# What is needed
You are asked to repeat the listing word for word and to leave out its pictures.

# The data
------------------------

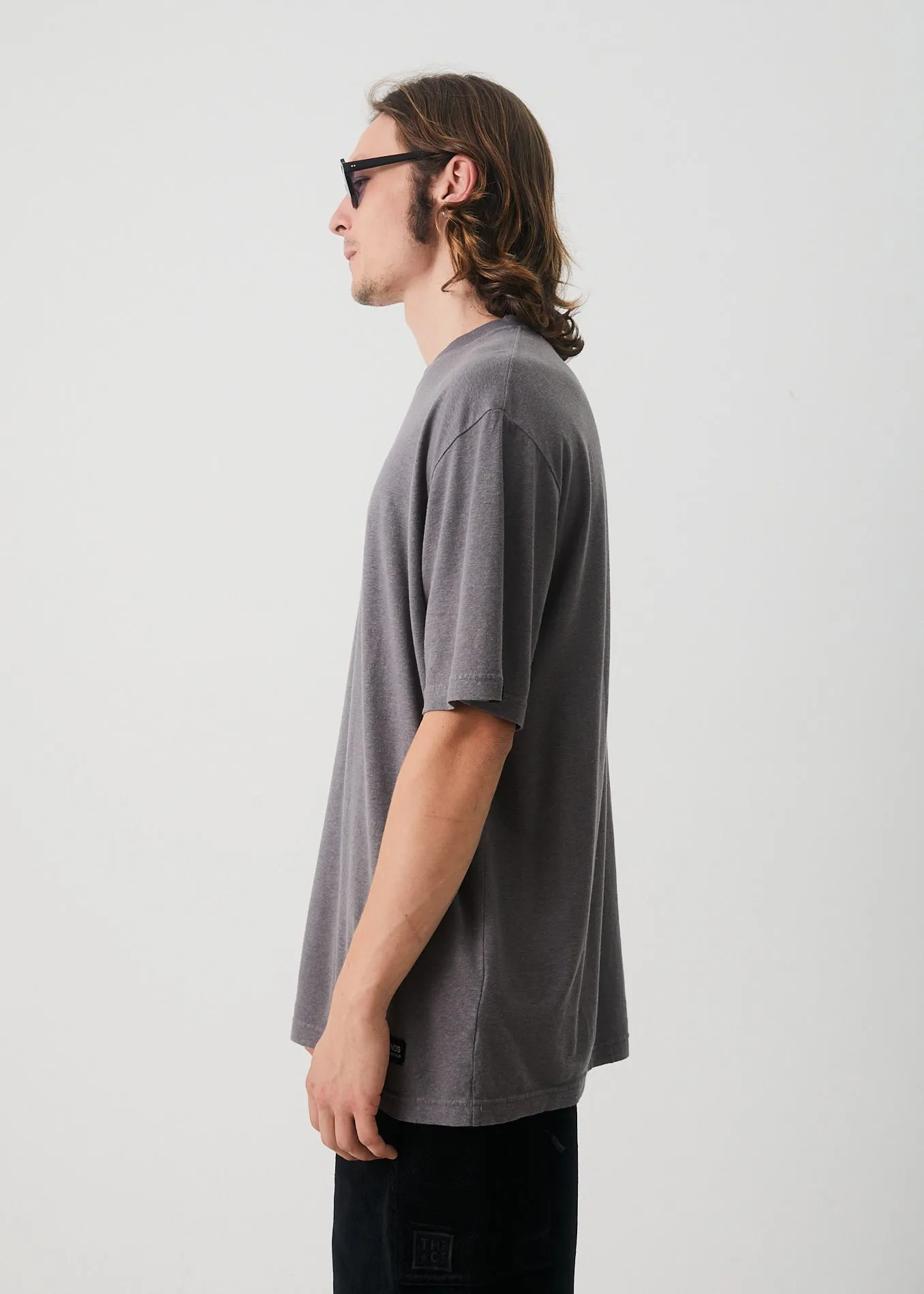 AFENDS Mens Classic - Retro Tee - Steel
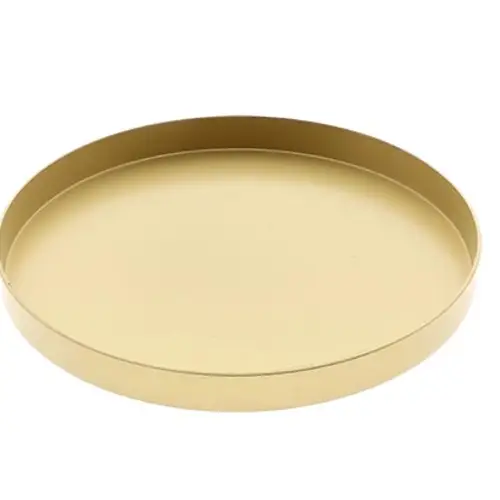 Melamine Teller gold D32cm H03cm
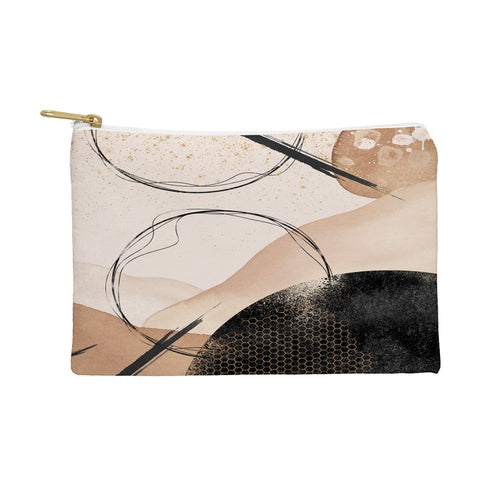 Sheila Wenzel-Ganny Minimalist Black Gold Pouch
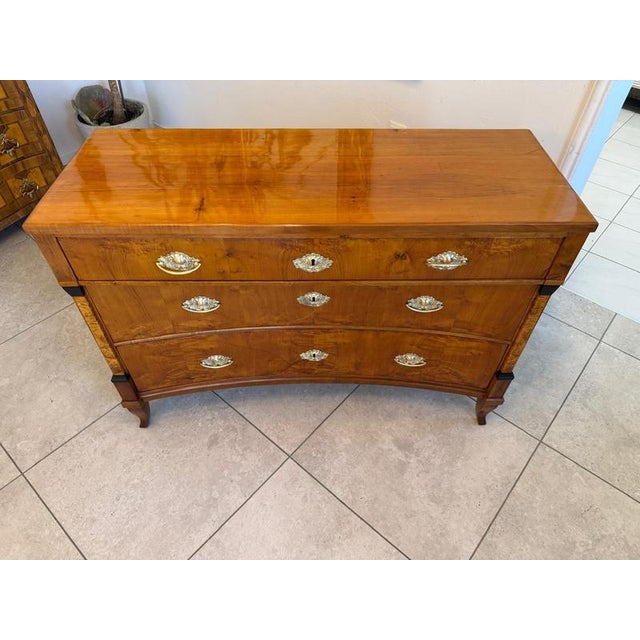 Empire Biedermeier Chest of 3 Drawers For Sale - Image 4 of 9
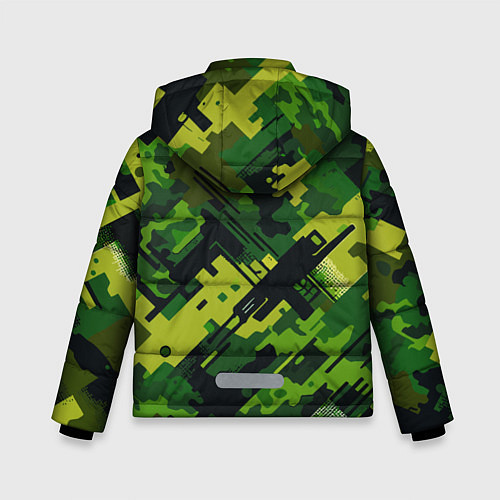 Зимняя куртка для мальчика Camouflage - pattern ai art / 3D-Красный – фото 2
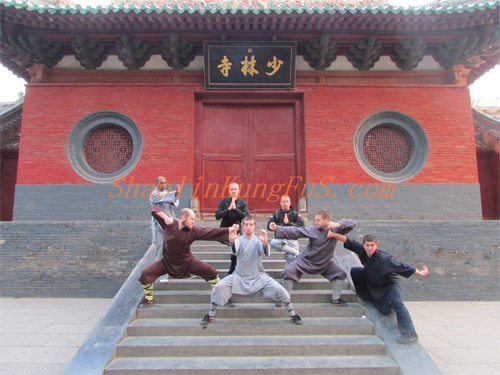 Doing monk life in Shaolin temple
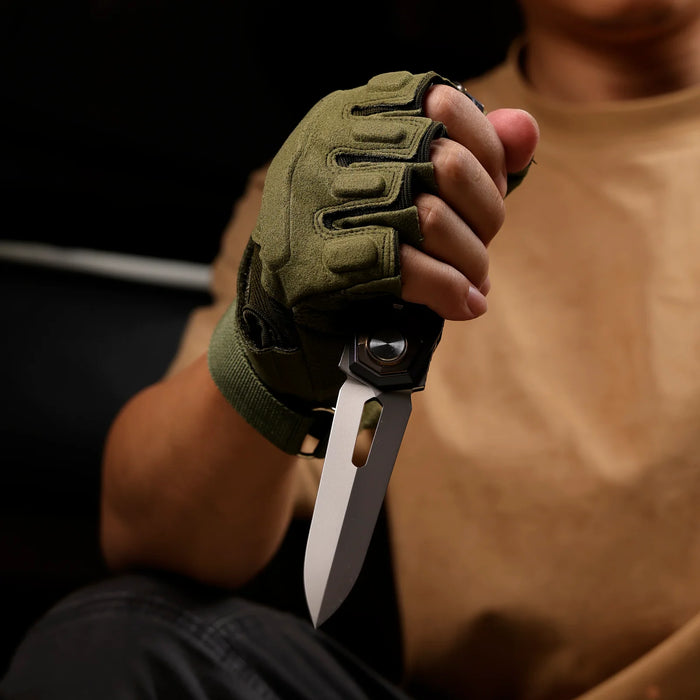 Remette RTIP-G RT-Infinite Power (M390, Bead Blasted, Dagger, Titanium) Pocket Knife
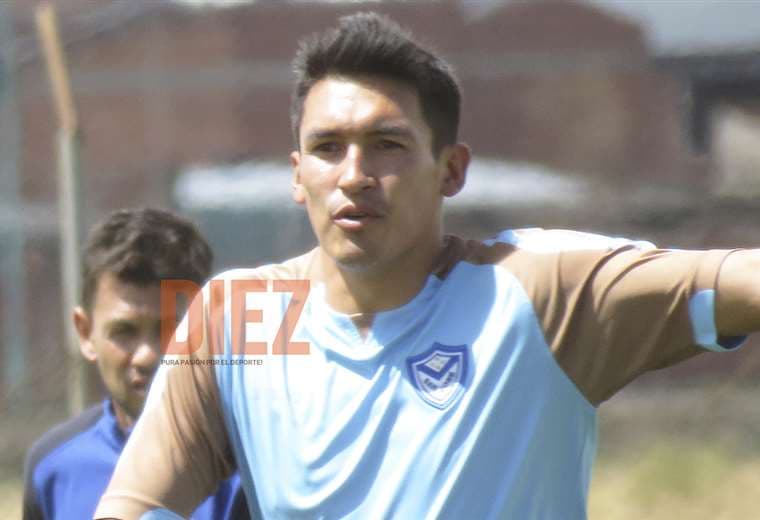 Marcos Barrera durante su última práctica con San José en Oruro. Foto: Etzhel A. Llanque
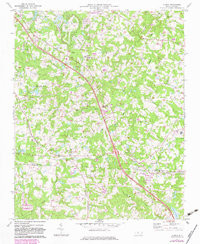 CLIMAX, NC HISTORICAL MAP GEOPDF 7.5X7.5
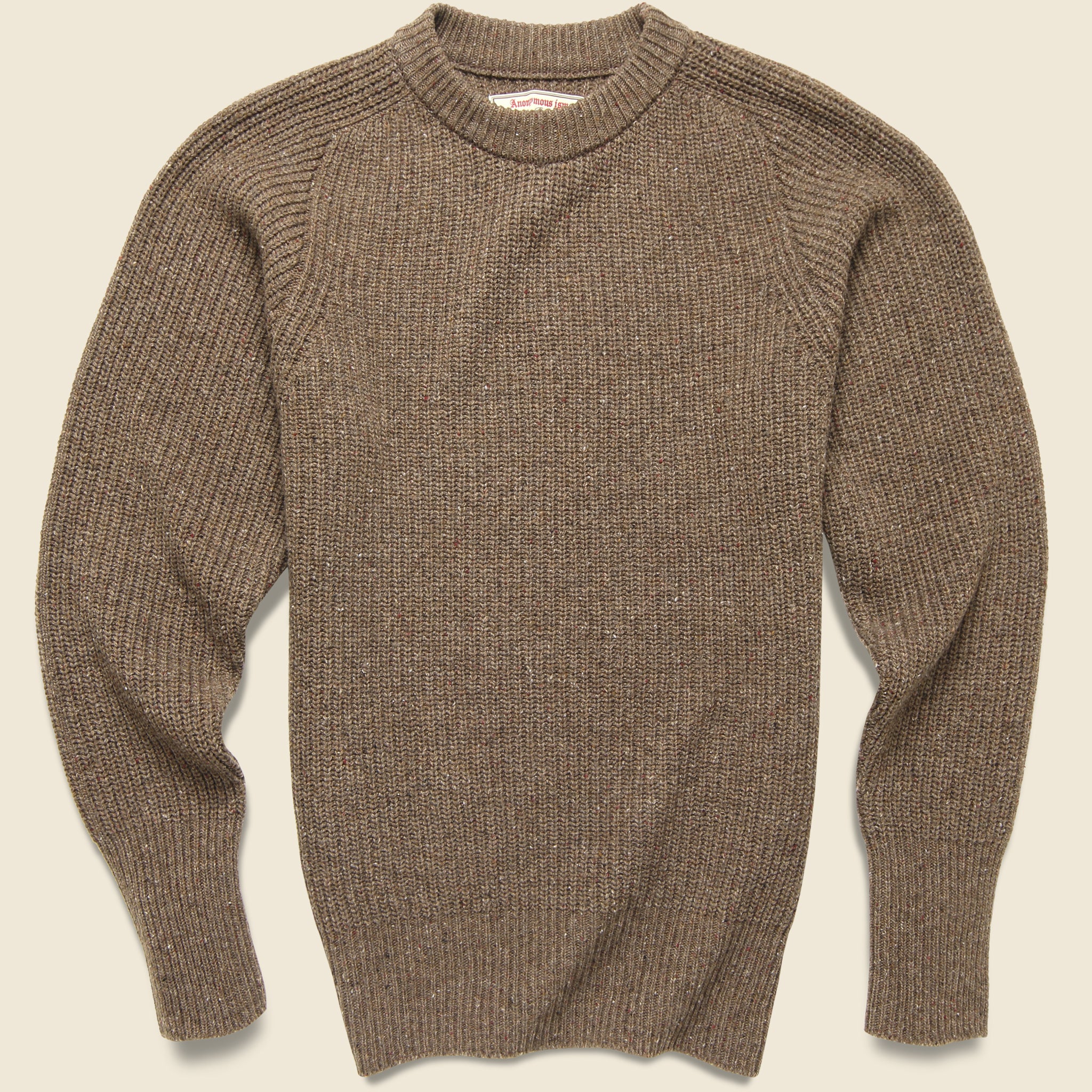 Nep Rib Crew - Brown - Anonymous Ism - STAG Provisions - Tops - Sweater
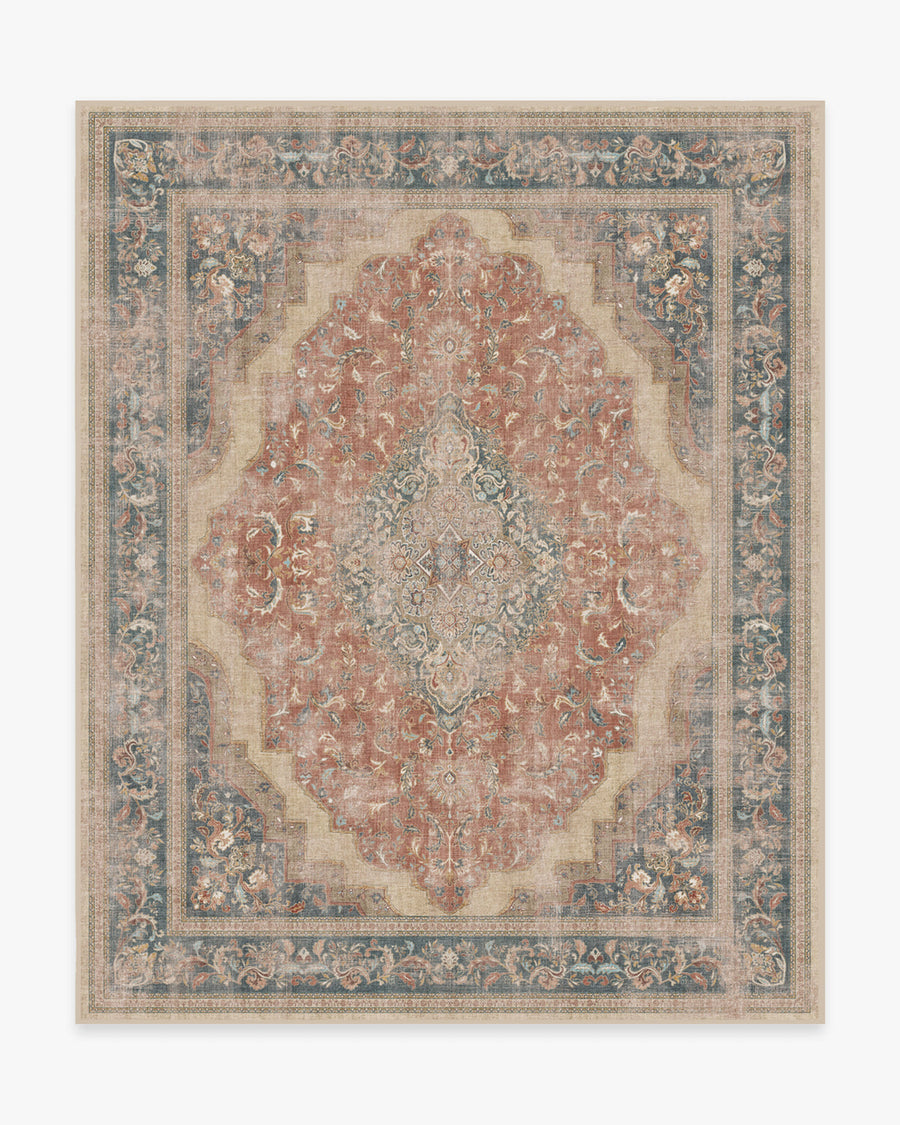 Adeline — Halı, Antique Kırmızı, AREA, beyaz zemin, 8x10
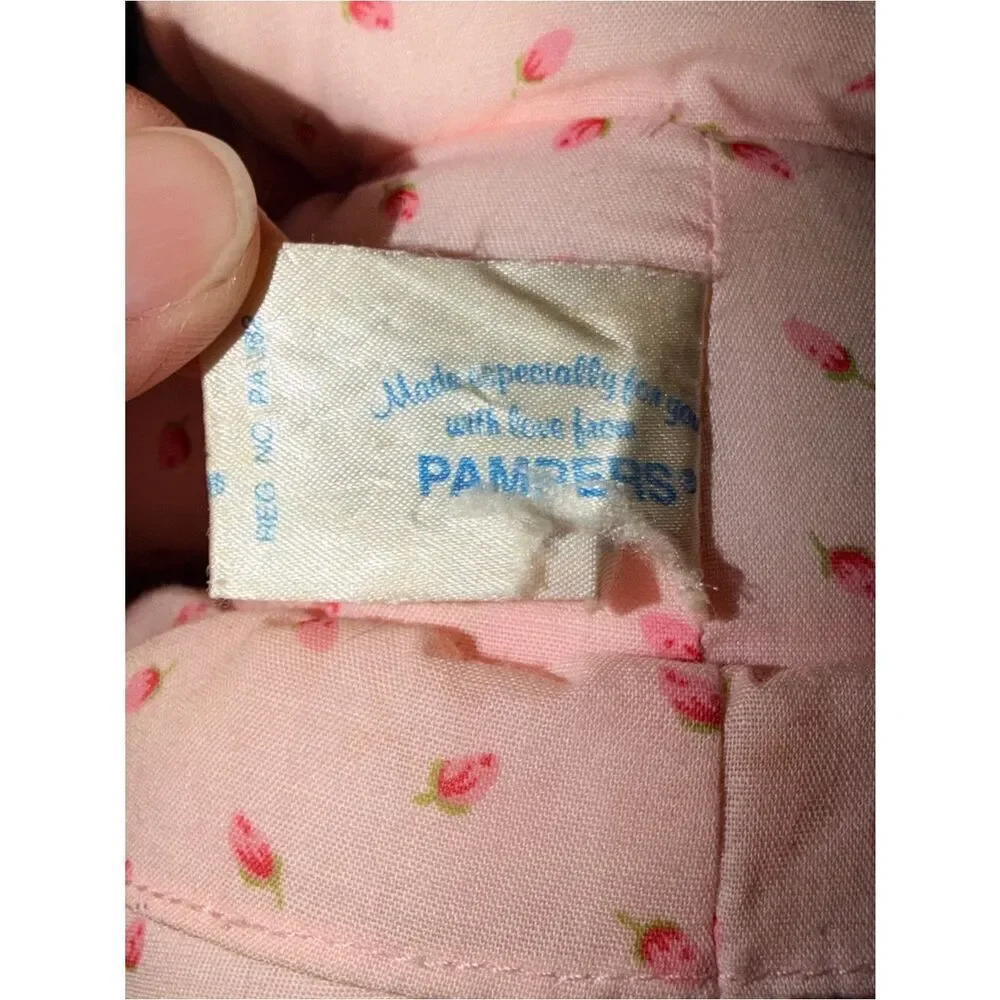 Vintage 1984 Muppet Babies Miss Piggy Plush Hasbro Softies Doll Pampers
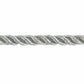 Metallic Twisted Cord - 6mm - Silver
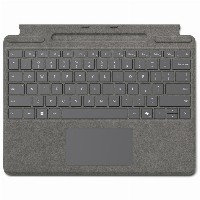 Microsoft Surface Pro 10/11/FB Keyboard + Copilot Taste - Alcantara Platin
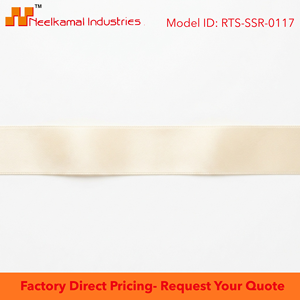 Ruban en satin 100 % polyester, 25 mm, ivoire pâle, simple face, résistant au rétrécissement, 5 rouleaux x 8 mètres, pour galeries d'art, aménagement de maisons, présentation - Product Image 6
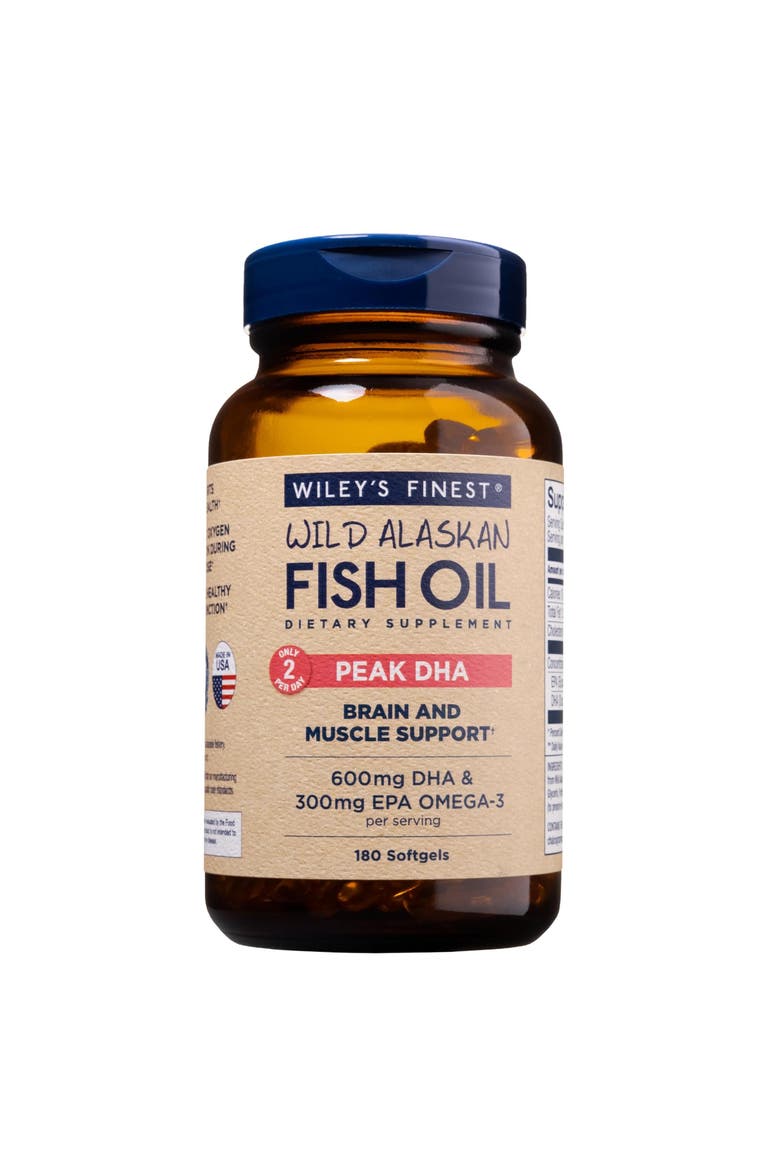 Wild Alaskan Fish Oil Peak Dha - 900Mg Epa And Dha Omega-3S - 180 Softgels Bottles, Main, color, None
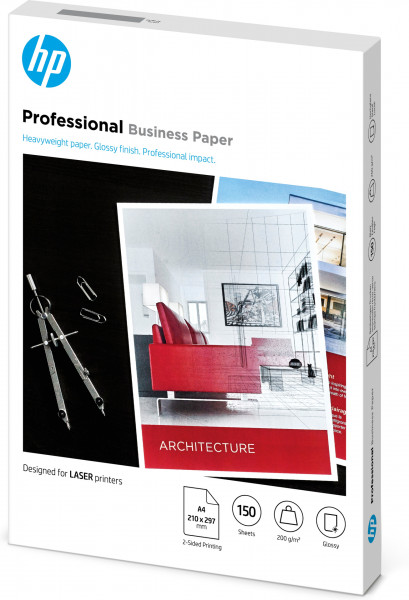 HP profession. Business Laser-Papier – A4, glänzend, 200 g/m²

------------------------

# Written solution
 AFENDS Mens Classic - Retro Tee - Steel
 Melamine Teller gold D32cm H03cm
 Sheila Wenzel-Ganny Minimalist Black Gold Pouch
 Empire Biedermeier Chest of 3 Drawers For Sale - Image 4 of 9
 Зимняя куртка для мальчика Camouflage - pattern ai art / 3D-Красный – фото 2
 Doing monk life in Shaolin temple
 Remette RTIP-G RT-Infinite Power (M390, Bead Blasted, Dagger, Titanium) Pocket Knife
 Marcos Barrera durante su última práctica con San José en Oruro. Foto: Etzhel A. Llanque
 CLIMAX, NC HISTORICAL MAP GEOPDF 7.5X7.5
 Nep Rib Crew - Brown - Anonymous Ism - STAG Provisions - Tops - Sweater
 Adeline — Halı, Antique Kırmızı, AREA, beyaz zemin, 8x10
 Vintage 1984 Muppet Babies Miss Piggy Plush Hasbro Softies Doll Pampers
 Metallic Twisted Cord - 6mm - Silver
 Microsoft Surface Pro 10/11/FB Keyboard + Copilot Taste - Alcantara Platin
 Ruban en satin 100 % polyester, 25 mm, ivoire pâle, simple face, résistant au rétrécissement, 5 rouleaux x 8 mètres, pour galeries d'art, aménagement de maisons, présentation - Product Image 6
 Wild Alaskan Fish Oil Peak Dha - 900Mg Epa And Dha Omega-3S - 180 Softgels Bottles, Main, color, None
 HP profession. Business Laser-Papier – A4, glänzend, 200 g/m²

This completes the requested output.